Les services rendus, les titres professionnels, l'ancienneté ou la capacité ne comptent plus guère pour l'avancement. Le fonctionnaire proprement dit, le fonctionnaire qui s'acquitte de sa fonction, et qui a conquis son grade par des moyens légaux, devra se résigner à marquer le pas dans des postes médiocres, tandis que le premier venu, pourvu qu'il soit cousin, camarade, ou factotum d'un ministre, sera installé, d'emblée, dans des emplois immérités.

On peut dire que, depuis une quinzaine d'années, par la faiblesse des uns, par le cynisme des autres, le Trésor public fut soumis à un pillage savamment organisé.

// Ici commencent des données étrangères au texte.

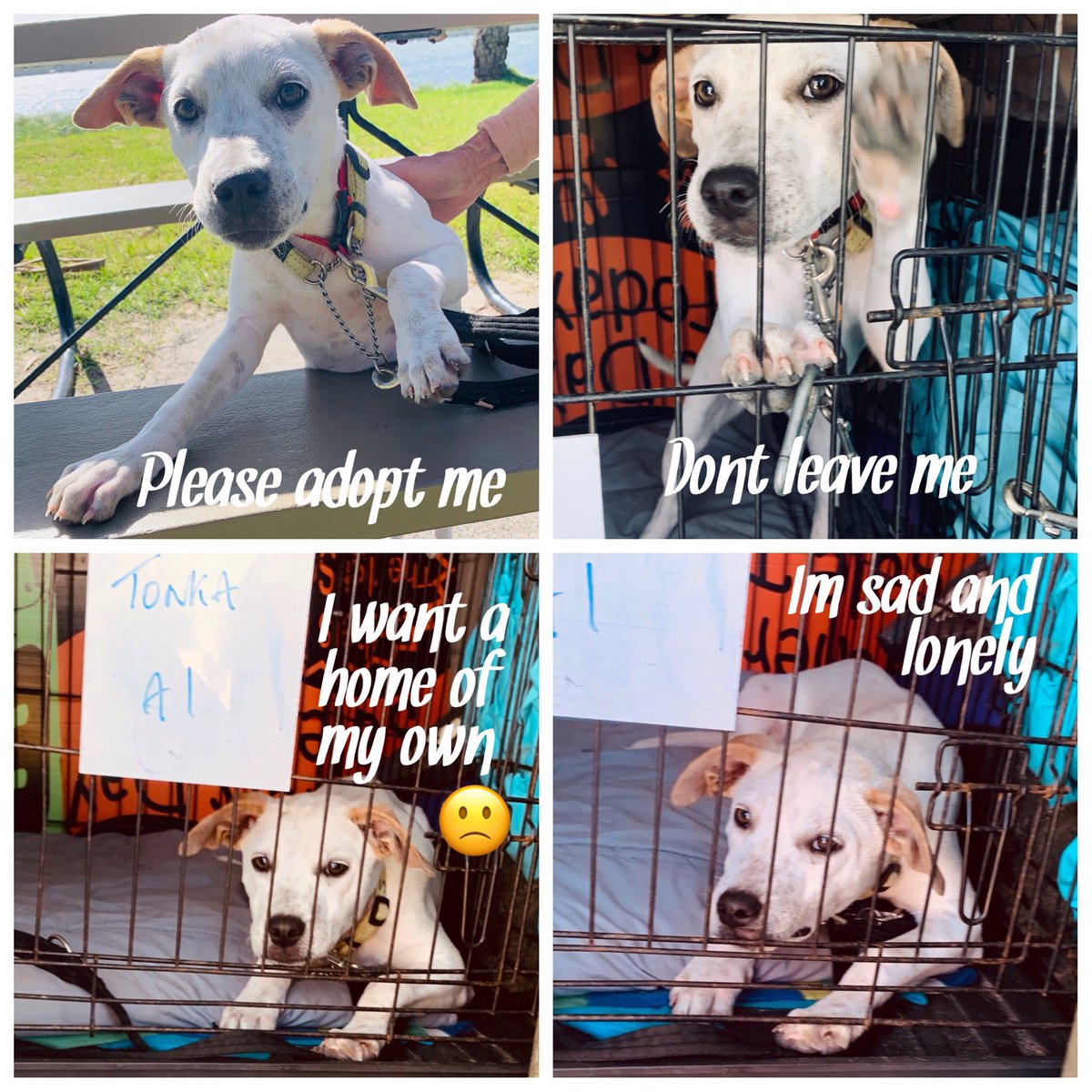 DoggyHeavenFun's tweet photo. #lonelypup #brothersandsistersalladopted #AdoptDontShop #awlqld #goldcoast https://t.co/3WGojwuU0m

Ouvrez par exemple l'Almanach national à la page où sont cataloguées les charges de finances, ces trésoreries, ces recettes, ces perceptions, qui sont les abbayes de la troisième République. Considérez le Conseil d'État, la Cour des Comptes, les cours de justice. C'est- trop souvent un rendez-vous d'anciens députés, d'anciens préfets, d'anciens chefs de cabinet, d'anciens agents élec

toraux. Tous les groupes de la Chambre s'y rencontrent dans un voisinage fraternel. C'est la vraie concentration. Chaque législature, en passant, a laissé là ses épaves. Chaque secrétaire d'État, en disparaissant, s'est assuré une sorte de survie en versant son cabinet particulier dans les affaires publiques, et en plaçant ses amis aux bons endroits, devant le guichet de la caisse nationale. Les premiers rangs de la hiérarchie sont ainsi occupés par les revenants et par les fantômes de tous les ministères morts. C'est à la fois lugubre, burlesque et odieux.

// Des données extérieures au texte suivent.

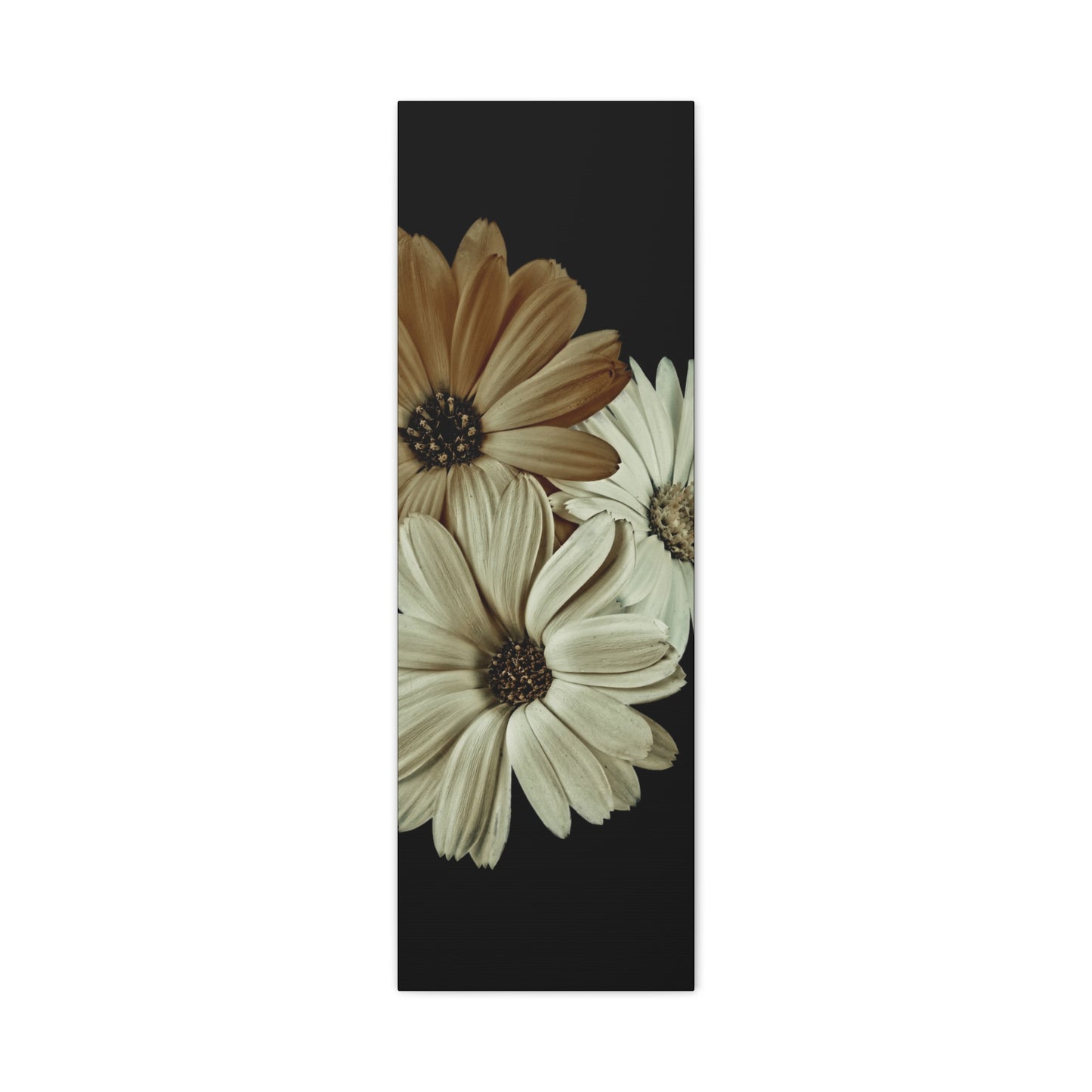 Collection Signature "FLORAL Numéro 3" sur Toile Fine Art sur Toile / Epaisseur 3,2cm - 1'25 po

En vérité cet Almanach national est inquiétant. Si j'étais fonctionnaire, je gémirais en songeant que les avenues de cet asile sont barrées, encombrées de toutes parts par la cohue des politiciens. Simple citoyen, je frémis en pensant que le vœu de la France entière est d'entrer là dedans, que l'ambition de notre pays se réduit, de plus en plus, à la quête des places...

Et je vois ce livre, jadis présentable, grossir, s'enfler, jusqu'à devenir la Bible des temps nouveaux, le dictionnaire des satisfaits, bref - pour parler l'argot des nouvelles couches le « Bottin de l'Assiette-au-beurre ».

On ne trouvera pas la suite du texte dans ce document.